As in other eastern European countries that were formerly part of the Soviet Union [9], [10], a lower prevalence of atopy and asthma was observed in Estonia compared with western Europe in the 1990s [11], [12]. The degree of westernisation, and associated environmental and lifestyle-related exposures [9]–[11], [13] were suggested to explain these differences. However, by contrast with most other countries, the rate of asthma and allergy has remained low in Estonia [14]. Although the transitional context of eastern European countries provides interesting opportunities to improve understanding of asthma determinants and heterogeneity, few data have been reported in the past decade, especially in adults. Similarly, most, although not all, epidemiological studies of work-related asthma have been conducted in populations of westernised countries [15]–[17]; however, the development of a worldwide perspective in work-related lung disease is needed [18].

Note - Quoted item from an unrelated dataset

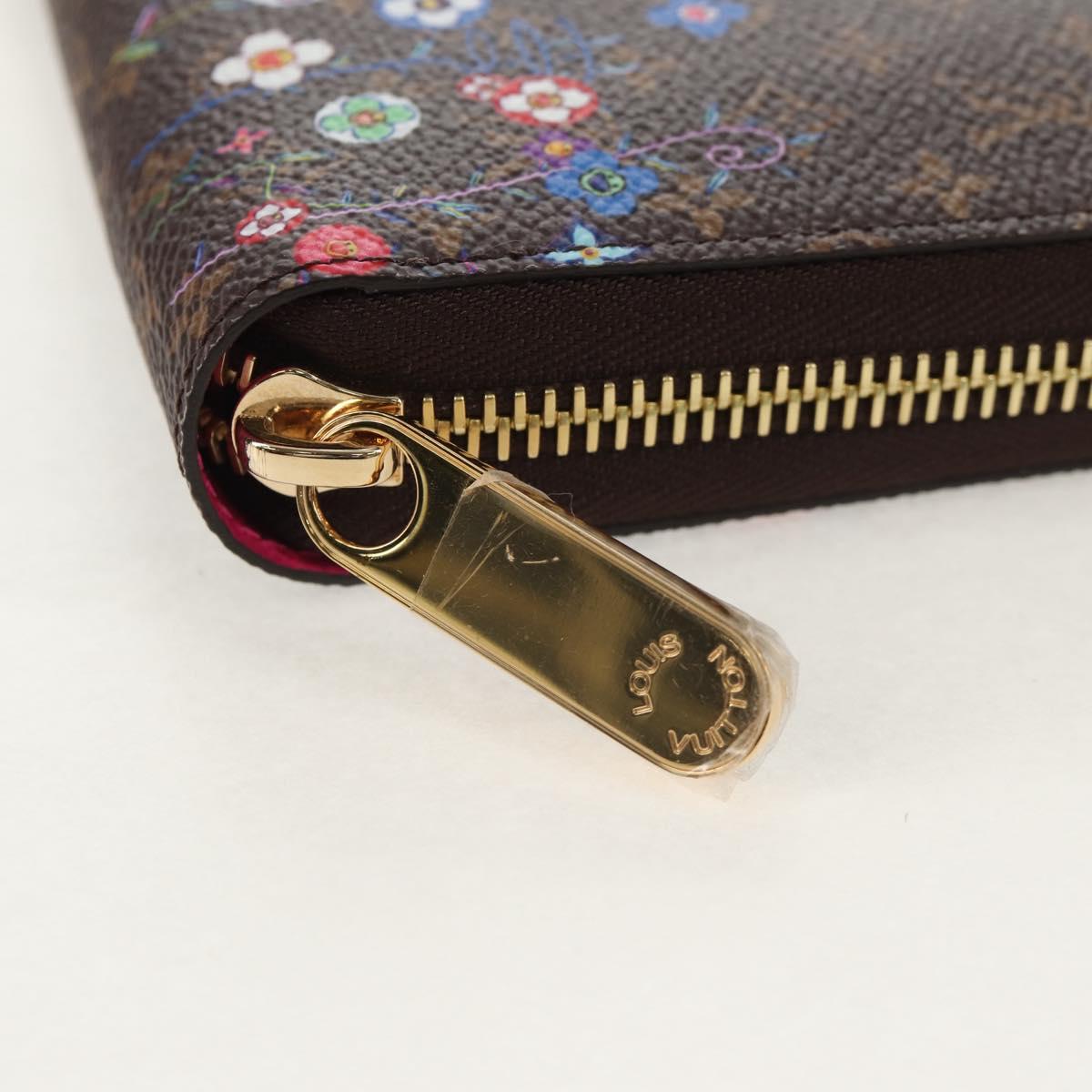 LOUIS VUITTON Zippy Wallet Louis Vuitton x Takashi Murakami M14162 Auth 152472SM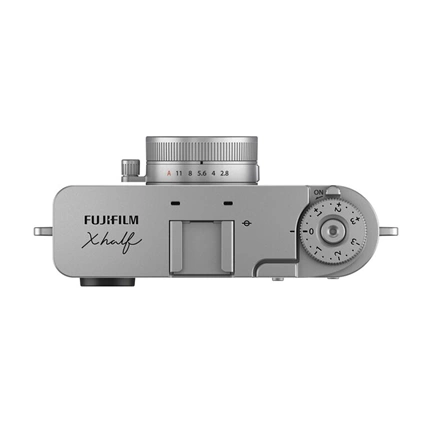 Fujifilm X-Half Digitális Kompakt fényképezőgép (ezüst)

In 2001, a large (∼50 000 subjects), population-based study was set up by the Estonian Genome Center of University of Tartu (EGCUT) [19]. The primary purpose of this project was genetic research for human health, but asthma and occupations were also investigated.
Taking advantage of the health and environmental data collected in EGCUT, we aimed to determine whether asthma is associated with occupational exposure to: 1) well-known high and low molecular weight asthmagens, and 2) irritants, in this Estonian population.
Materials and methods
Study population
The study participants come from the population-based biobank of EGCUT (www.geenivaramu.ee/en/) [19]. Since 2002, the EGCUT has collected genotype, health and lifestyle data from adults living in Estonia. Participants were recruited by general practitioners or nurses/physicians in hospitals. The cohort contained a random selection of patients who were in regular contact with healthcare services and individuals who volunteered to join the cohort following a multimedia campaign. In October 2011, the cohort included 50 077 adults. Only subjects aged 18–65 years were included in the analyses (fig. 1). Subjects who had never worked, or those with missing or imprecise job codes, were excluded.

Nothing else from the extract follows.